"The Master does nothing, yet nothing remains undone."
I love this idea of being (in Kerouac's words) a "do nothing man of Tao". American culture, and increasingly, world culture-- is all about doing. People are scurrying around doing, doing, doing. They fill every waking moment with some sort of activity-- be it work, watching TV, reading, exercise, etc. Few people take time to observe, to listen, to contemplate.
Doing nothing is one of my favorite activities and one I frequently indulge in. I love to sit in a coffee shop and just watch the world... tune in to the sounds and conversations... watch the trees sway in the breeze... quiet the mind. Many call this laziness. My response is, "what's wrong with laziness?" Inspired laziness is a spiritual art form.
And besides, all that running around is a form of laziness too. Sogyal Rinpoche called it "active laziness"... keeping oneself busy to avoid the difficult work of contemplation and self-knowledge. A lot of people are scared to fucking death to be alone with their thoughts. They are terrified of quiet, of loneliness, of themselves... though they would never admit it. Better to run in circles than to examine their lives. Is it any wonder that so many are stuck in hateful jobs, boring routines, dead marriages, meaningless activities. Is it any wonder that so many reek of desperation? Is it any wonder that alcoholism is so rampant?

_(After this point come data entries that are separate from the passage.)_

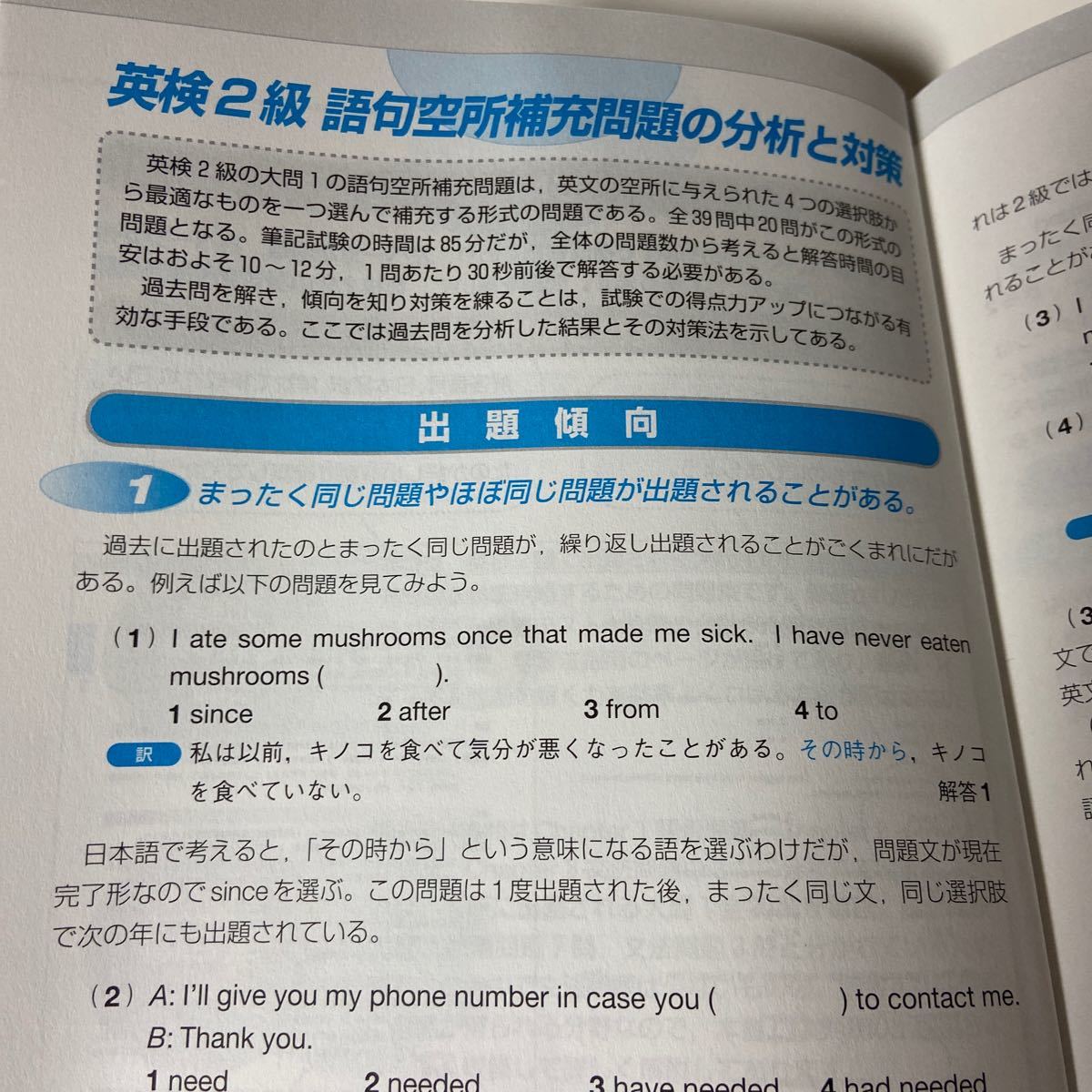 英検２級語彙、イディオム問題500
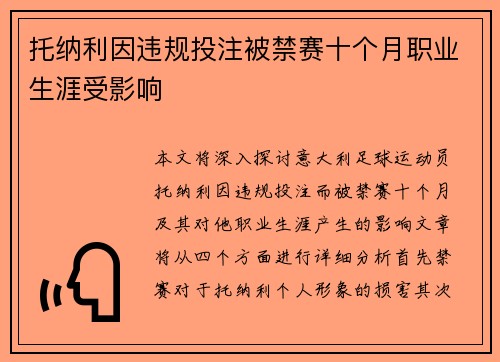 托纳利因违规投注被禁赛十个月职业生涯受影响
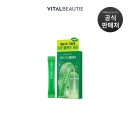 그린클린 - 화성시 | 비탈뷰티 메타그린클린티 후기 |다이어트 보조제로 구매한 솔직 체험기 (다이어트 2주차)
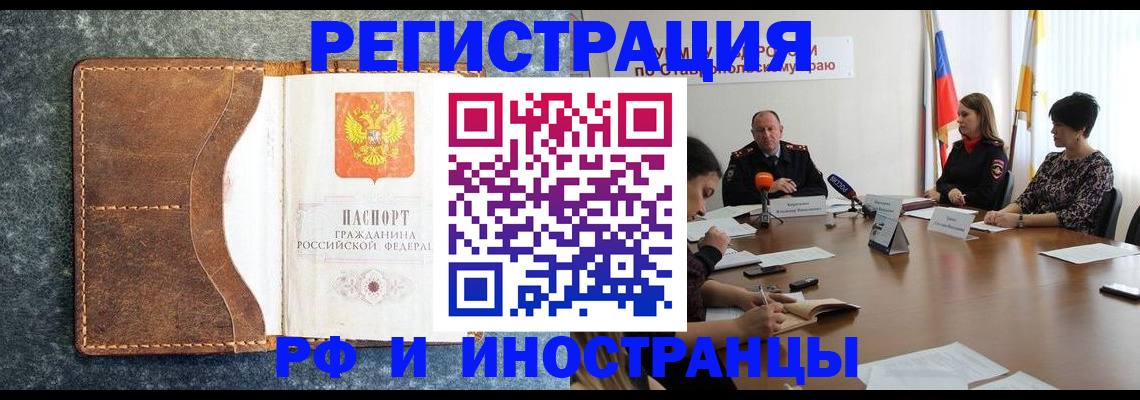 временная регистрация для школы в Тольятти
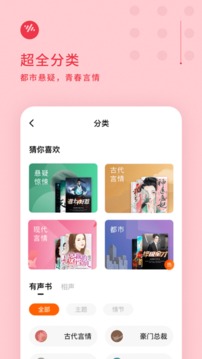 番茄畅听免费听小说官方app正版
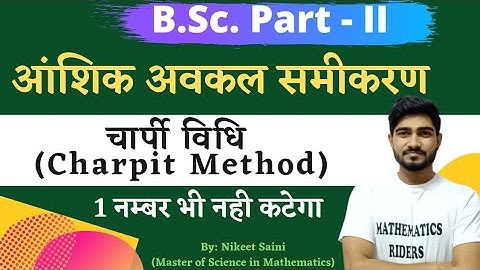 चार्पी विधि | Charpit Method| Partial Differential Equation | B.Sc. Part - 2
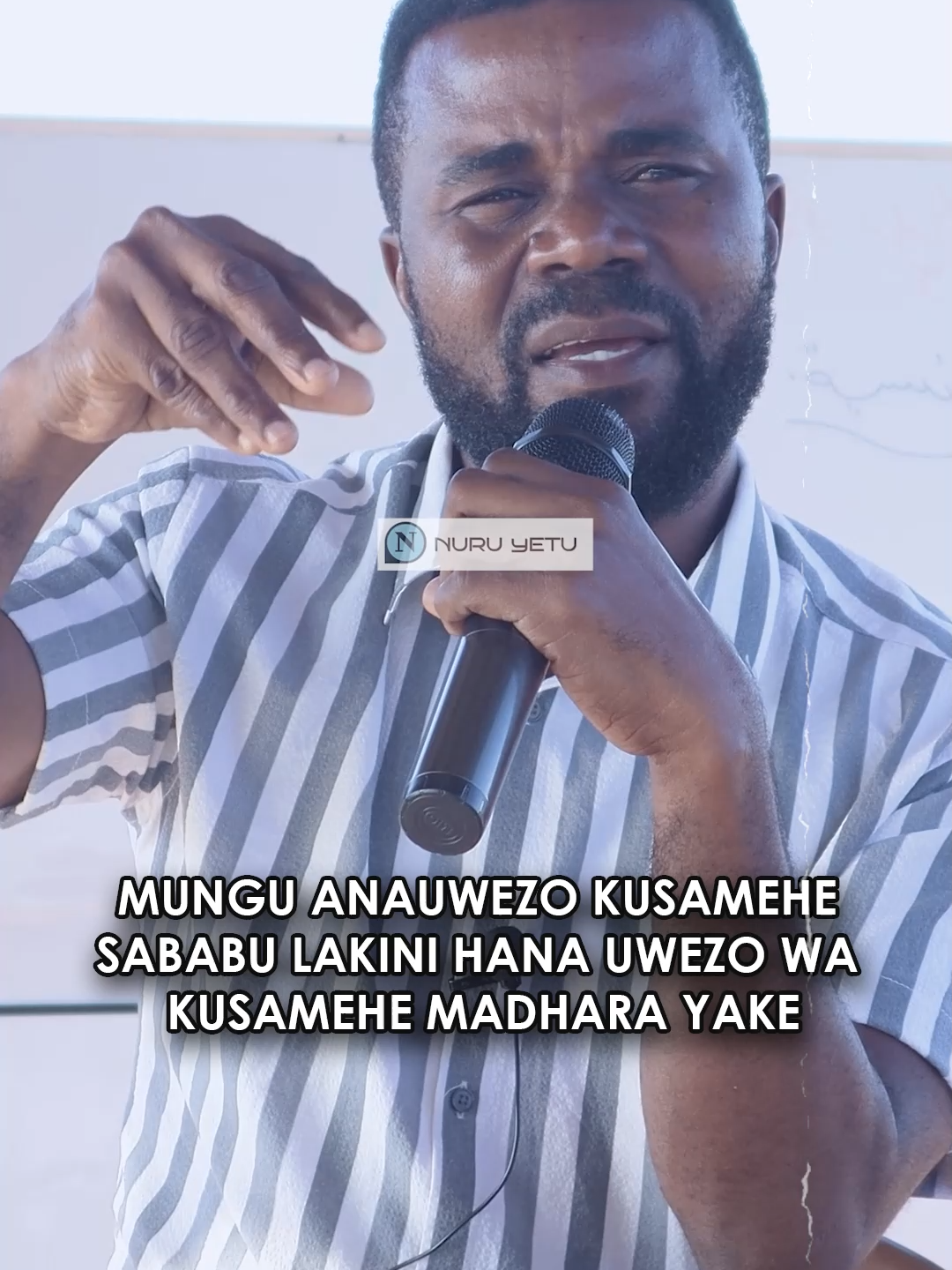 MUNGU ANAUWEZO WA KUSAMEHE SABABU LAKINI HANA UWEZO WA KUSAMEHE MADHARA YAKE - KASSIM HASSAN #mawaidha_swahili #mawaidha #UmmahMoja #dailyreminder #mawaidha_kenya #quranrecitation #Tiktoktanzania #nuruyetu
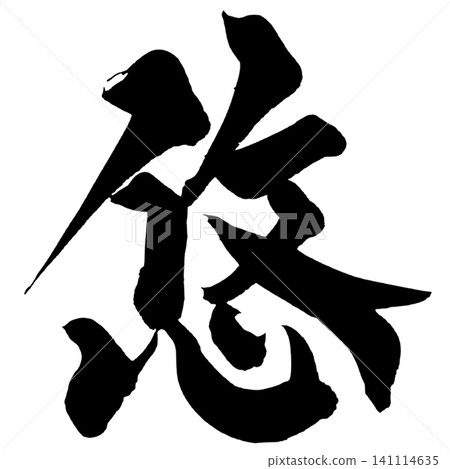 Yuu Calligraphy, Handwritten Japanese, Serenity Japanese Calligraphy Yuu Calligraphy, Handwritten Japanese, Serenity Japanese Calligraphy 141114635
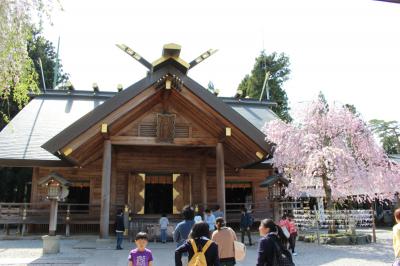 開成山大神宮 拝殿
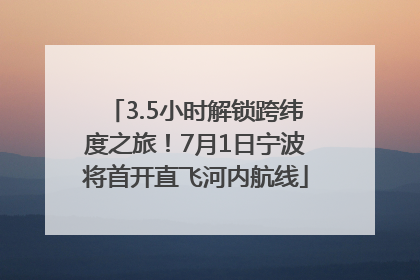 3.5小时解锁跨纬度之旅！7月1日宁波将首开直飞河内航线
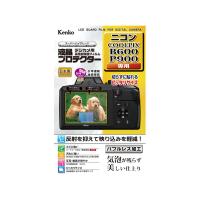 ケンコー(Kenko) Kenko 液晶保護フィルム 液晶プロテクター Nikon COOLPIX B600/P900/B700/P610用 KLP-NB600 | Fujita Japan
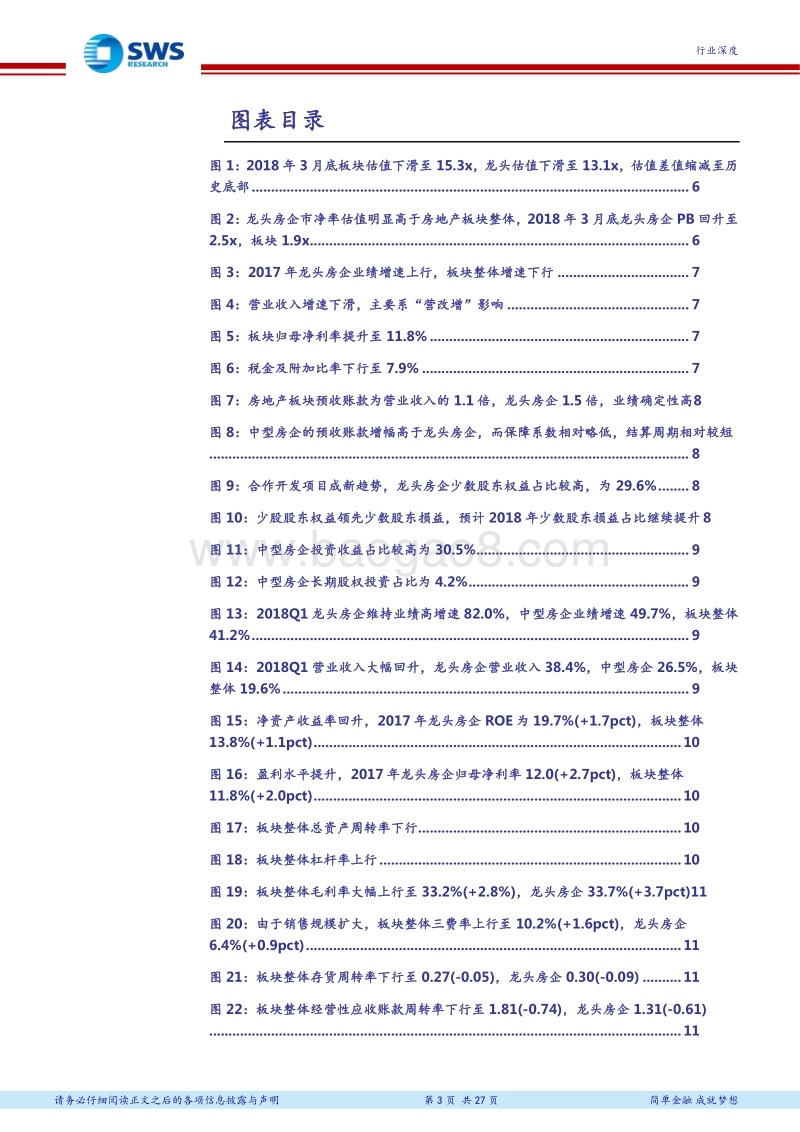 2017年与2018Q1房地产行业综述：龙头房企业绩可持续性高增长，融资优势助力加杠杆扩张.pdf_第3页
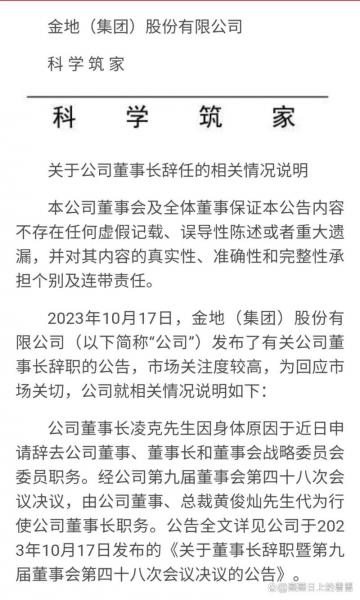 金地股价多少-金地股票费用-第4张图片 金地股价多少-金地股票费用-第4张图片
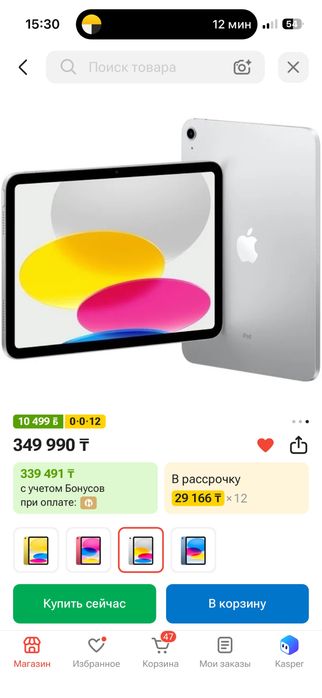 Планшет Apple iPad 10.9 256 Гб серебристый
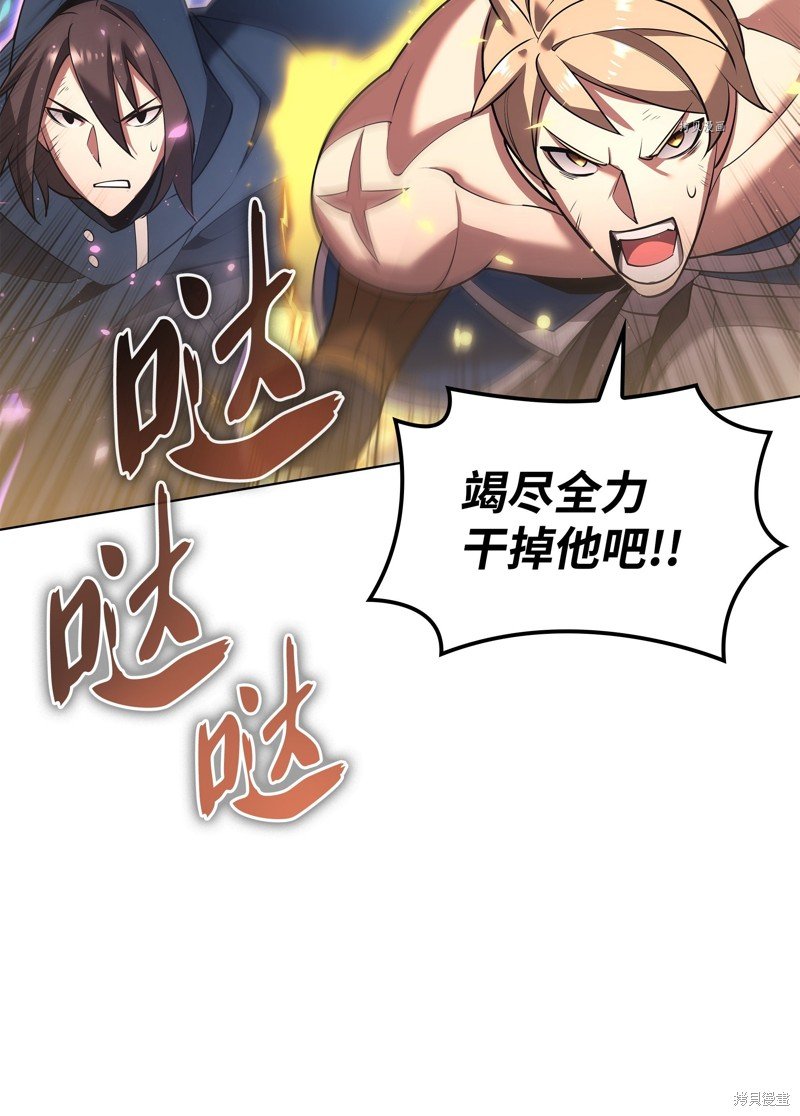 第154话
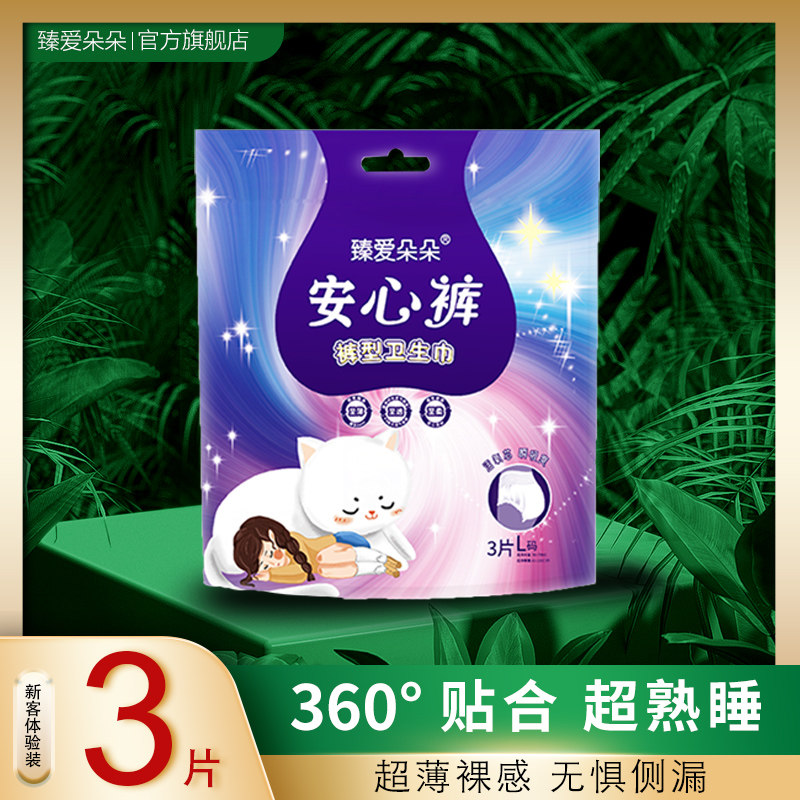 臻爱朵朵棉柔安心裤经期安睡裤超薄透气夜用防漏卫生巾裤型卫生巾图片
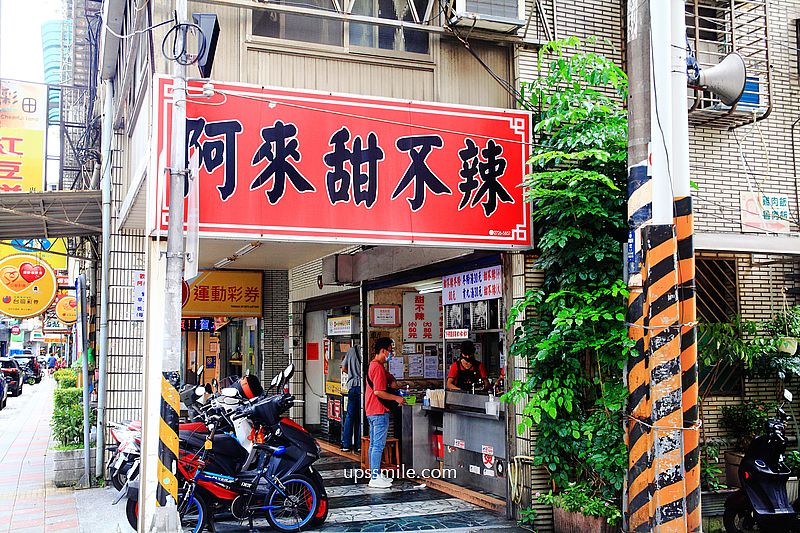 阿來甜不辣，南港超人氣排隊美食名店，有台北最好吃甜不辣美譽，後山埤美食 @upssmile向上的微笑萍子 旅食設影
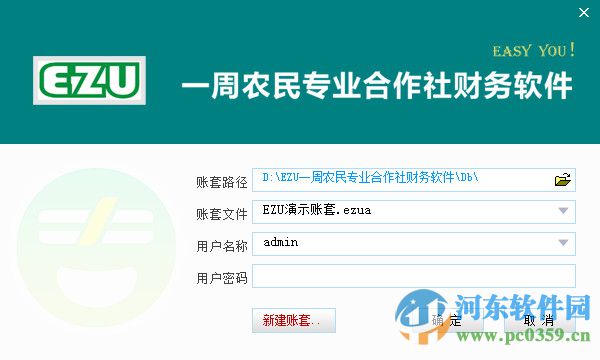 EZU一周农民专业合作社财务软件 7.01 官方版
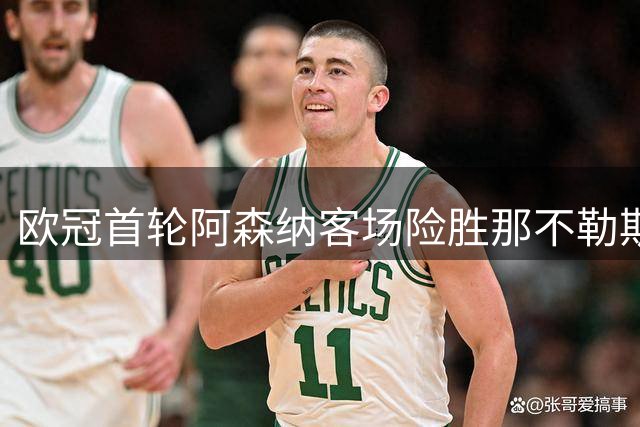 欧冠首轮阿森纳客场险胜那不勒斯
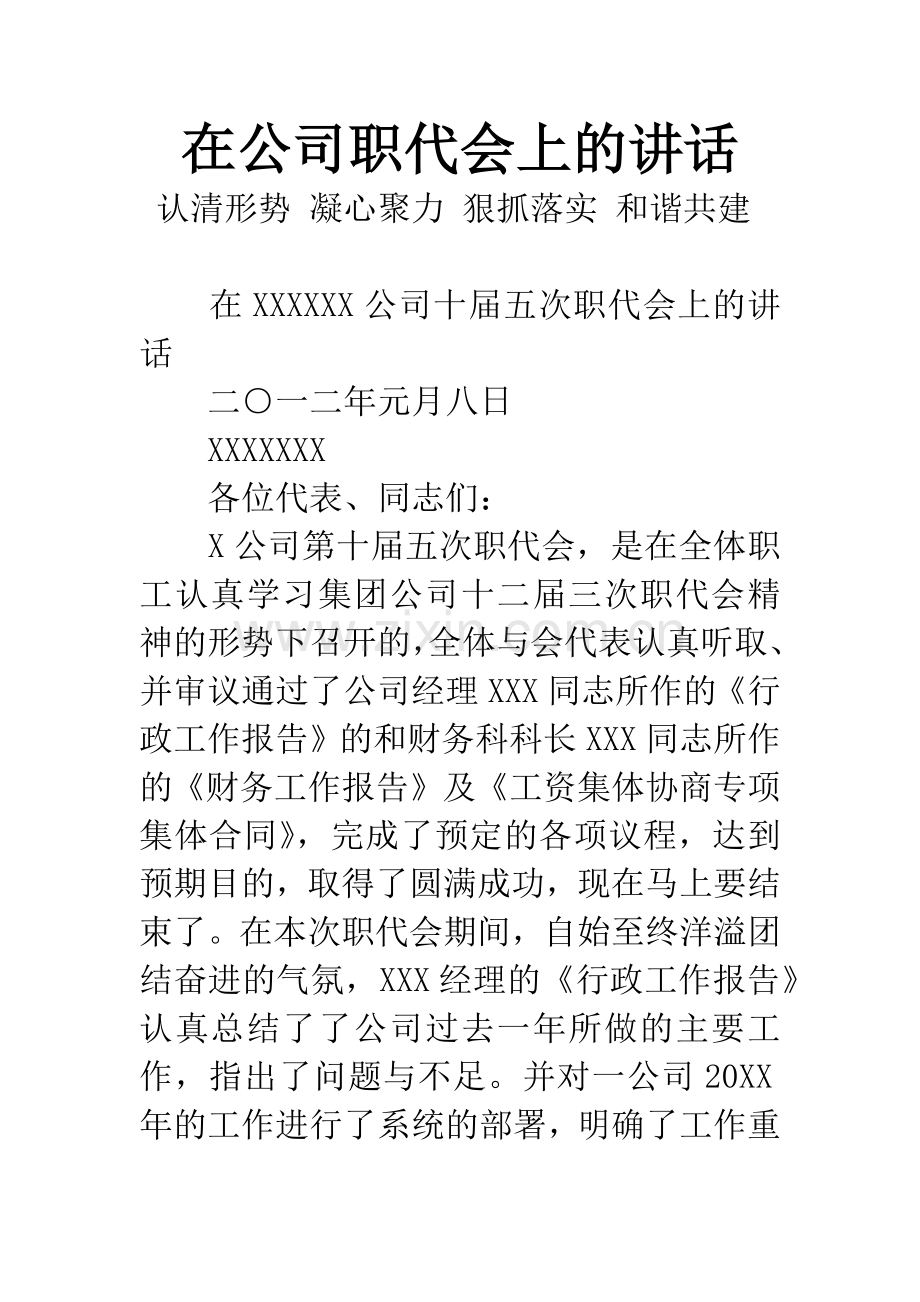 在公司职代会上的讲话.docx_第1页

Tremendous things can be accomplished by those who follow their bliss-- but the prerequisite for that is first FINDING it. Joseph Campbell believed that every adult should take 3-5 years to loaf and wander. He wandered out to California, lived in a cabin, and read books. Thoreau likewise retreated to a cabin. Many embark on grand journeys of discovery. The point is that you must leave the comfort of routine... the conditioning of society and parents... and strike out on your own: take a few years to just ask questions: "What is my purpose?". "What is the nature of life and existence?". "What brings me bliss?"... "What is my particular genius?".... "What do I want my legacy to be?".
"Who & what, exactly, am 'I'?"
These are vital questions... deep questions. Shouldn't we take a few years of our lives to engage them? Shouldn't we attempt to find our own answers for them... before we swallow the cliches provided by "society"?
Great things can be accomplished by those following their bliss. Yes! But the first step is to do nothing.